Problem: Only one stretch of the data below should be repeated: the lines from the line containing "Dawn of War" through the line containing "RJ_Karun's tweet photo.", inclusive, exactly as they are.

Dataset extract:
--------------------------------
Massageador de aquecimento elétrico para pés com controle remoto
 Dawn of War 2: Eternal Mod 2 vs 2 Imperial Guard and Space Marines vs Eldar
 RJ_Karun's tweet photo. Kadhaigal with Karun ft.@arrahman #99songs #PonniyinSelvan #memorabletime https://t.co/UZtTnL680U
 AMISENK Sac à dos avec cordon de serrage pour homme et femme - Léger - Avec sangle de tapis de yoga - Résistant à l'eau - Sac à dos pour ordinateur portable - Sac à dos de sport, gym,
--------------------------------
Your solution:
 Dawn of War 2: Eternal Mod 2 vs 2 Imperial Guard and Space Marines vs Eldar
 RJ_Karun's tweet photo. Kadhaigal with Karun ft.@arrahman #99songs #PonniyinSelvan #memorabletime https://t.co/UZtTnL680U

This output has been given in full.